Through it all, after three nail-biting hours, the Buffalo Sabres beat the Montreal Canadiens, 3-2, to tie their second-round series at two games apiece. Zach Benson’s power-play goal early in the third period was the game winner, and Ukko-Pekka Luukkonen made 28 saves in his first action since Game 2 of the first round.
The Sabres had their skeptics in the wake of four-goal losses in Games 2 and 3, which set up a near-must-win situation in the league’s most hostile environment. But those external doubters weren’t the ones hopping over the boards and grinding out a victory.
“Our belief never wavered,” Benson said.
“I don’t think there’s ever been wavering confidence in our group all season,” echoed Tage Thompson. “From Day 1, we had people doubting us and counting us out. It’s all these guys inside this room, our staff, that’s the only opinions that matter in here, and we all believe in each other.”

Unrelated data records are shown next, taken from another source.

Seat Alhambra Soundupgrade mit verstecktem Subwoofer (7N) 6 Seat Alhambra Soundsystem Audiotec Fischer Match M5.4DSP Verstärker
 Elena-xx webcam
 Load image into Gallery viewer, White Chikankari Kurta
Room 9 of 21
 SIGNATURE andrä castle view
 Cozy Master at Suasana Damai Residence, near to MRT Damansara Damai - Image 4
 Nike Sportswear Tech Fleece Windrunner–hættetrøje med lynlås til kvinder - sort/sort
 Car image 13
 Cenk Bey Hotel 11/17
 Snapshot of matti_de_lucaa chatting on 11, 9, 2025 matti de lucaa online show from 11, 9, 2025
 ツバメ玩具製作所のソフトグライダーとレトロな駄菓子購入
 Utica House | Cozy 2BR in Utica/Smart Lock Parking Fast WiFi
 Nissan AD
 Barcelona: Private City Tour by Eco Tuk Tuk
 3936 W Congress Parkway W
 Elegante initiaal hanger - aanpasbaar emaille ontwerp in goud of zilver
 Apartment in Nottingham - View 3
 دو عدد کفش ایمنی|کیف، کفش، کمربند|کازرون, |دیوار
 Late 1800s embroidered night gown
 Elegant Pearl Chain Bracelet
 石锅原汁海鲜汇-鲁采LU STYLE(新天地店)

Thompson felt the Sabres let their emotions get away from them in Game 3, and they were put to the test right away in Game 4. Mattias Samuelsson opened the scoring in a dominant start for Buffalo, and minutes later, a video review revealed that Jack Quinn had doubled the lead, his close-range shot taking goalie Jakub Dobes’ glove across the goal line.
But the Canadiens challenged the already-reviewed play for goalie interference and got it overturned. The 10-minute delay took a Sabres goal off the board, killed their early momentum and led to, in short order, a tying goal from Montreal’s Alex Newhook. Cole Caufield added a power-play goal in the last minute of the period, so the Sabres faced a 2-1 deficit (undeserved, they felt) at the first intermission.
“We learned our lesson,” said Thompson, “and in a similar situation coming into the first intermission, did a way better job regrouping, just calming ourselves back down. I thought we played a great game.”